The Relevant Culture
The modern economy is a sharing one and business models such as Carpooling (Sunfleet), and crowd-funding (FundedByMe) are prospering as result. These business models require a certain type of mindset in order to be adopted. From the conversations I’ve had with the local influencers, this city has that mindset which could make it a viable testing ground to incubate such ideas.
“Gothenburg has what it takes m’kay”
How to Succeed in Gothenburg
The first step to winning any race is participating in it, and to do that you need to know when, where, and how to enroll. To find out about the next must attend meetings is as easy as following Swedish Startup Space on Facebook, or Twitter, subscribing to Startup Grind Gothenburg’s newsletter, and keeping an eye out for the right hashtags (#). Here’s two to get you started:
With just over half a million inhabitants, this city might not be big enough to have weekly events catering to every interest. This doesn’t mean that the interest isn't there, but rather than assume try experimenting; create your own community! Platforms such as Eventbrite, couchsurfing.org, meetup.com and Facebook have made it incredibly easy, and free to organise and promote a gathering.
Give Before Asking
Despite the people here being one of the nicest I’ve come across, asking something without giving first is pushing it. I’m also not saying that you should give to receive — that’s just lame. Just do what you love, and share that passion without expecting anything in return — good things will come. Here are a few examples of what I mean by giving:
- Make a useful introduction that benefits both parties
- Share a useful resource
- Share ideas (Relevancy is key — what problems are they currently tackling; help solve it)

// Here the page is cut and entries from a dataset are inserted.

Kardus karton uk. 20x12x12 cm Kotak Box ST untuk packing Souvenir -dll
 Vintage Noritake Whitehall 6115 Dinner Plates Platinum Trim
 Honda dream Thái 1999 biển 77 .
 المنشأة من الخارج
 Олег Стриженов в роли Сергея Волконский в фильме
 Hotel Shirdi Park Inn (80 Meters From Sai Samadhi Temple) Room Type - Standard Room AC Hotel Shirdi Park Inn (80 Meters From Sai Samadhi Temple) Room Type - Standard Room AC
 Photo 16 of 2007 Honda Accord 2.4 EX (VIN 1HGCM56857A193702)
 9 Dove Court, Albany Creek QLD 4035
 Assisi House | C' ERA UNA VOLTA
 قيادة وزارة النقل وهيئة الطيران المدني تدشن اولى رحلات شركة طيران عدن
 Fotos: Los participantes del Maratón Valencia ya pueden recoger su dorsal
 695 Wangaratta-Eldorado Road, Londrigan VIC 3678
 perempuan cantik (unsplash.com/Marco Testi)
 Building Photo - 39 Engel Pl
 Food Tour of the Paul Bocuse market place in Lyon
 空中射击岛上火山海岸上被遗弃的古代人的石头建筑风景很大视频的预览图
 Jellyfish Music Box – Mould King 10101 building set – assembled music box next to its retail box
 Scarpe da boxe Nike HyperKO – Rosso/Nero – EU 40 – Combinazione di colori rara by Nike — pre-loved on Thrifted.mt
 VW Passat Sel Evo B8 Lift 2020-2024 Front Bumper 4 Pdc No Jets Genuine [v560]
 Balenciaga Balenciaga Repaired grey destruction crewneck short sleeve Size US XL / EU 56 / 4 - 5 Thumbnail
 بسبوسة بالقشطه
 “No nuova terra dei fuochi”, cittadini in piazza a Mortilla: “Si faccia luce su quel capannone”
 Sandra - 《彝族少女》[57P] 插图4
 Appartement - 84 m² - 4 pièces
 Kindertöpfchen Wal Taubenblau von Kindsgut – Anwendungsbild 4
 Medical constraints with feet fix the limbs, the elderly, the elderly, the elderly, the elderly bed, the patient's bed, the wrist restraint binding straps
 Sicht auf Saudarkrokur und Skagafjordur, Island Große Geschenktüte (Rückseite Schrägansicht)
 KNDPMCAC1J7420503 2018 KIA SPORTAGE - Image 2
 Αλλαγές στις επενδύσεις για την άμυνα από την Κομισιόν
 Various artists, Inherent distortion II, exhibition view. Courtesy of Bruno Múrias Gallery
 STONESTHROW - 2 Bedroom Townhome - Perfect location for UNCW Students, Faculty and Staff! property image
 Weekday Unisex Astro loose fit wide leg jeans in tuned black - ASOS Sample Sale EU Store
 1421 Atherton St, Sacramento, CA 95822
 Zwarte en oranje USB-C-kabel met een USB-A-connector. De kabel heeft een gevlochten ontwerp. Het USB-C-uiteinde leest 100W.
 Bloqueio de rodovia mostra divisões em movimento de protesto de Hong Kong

- Entertain — tell a good story
“The trick is to give without expecting anything in return”
Author’s parting note:
I hope this post has opened some eyes to the idea of not rushing to capital cities, and even considering calling Gothenburg home.
It’s because of organisations like Startup Grind as well as advances in technology, that resources are increasingly more accessible in places where they weren’t just few years back; giving all of us a fighting chance.
With that said, I thought I’d encourage the discussion by asking those with more Gothenburg experience than I the following question:
What makes this city special for the aspiring entrepreneur?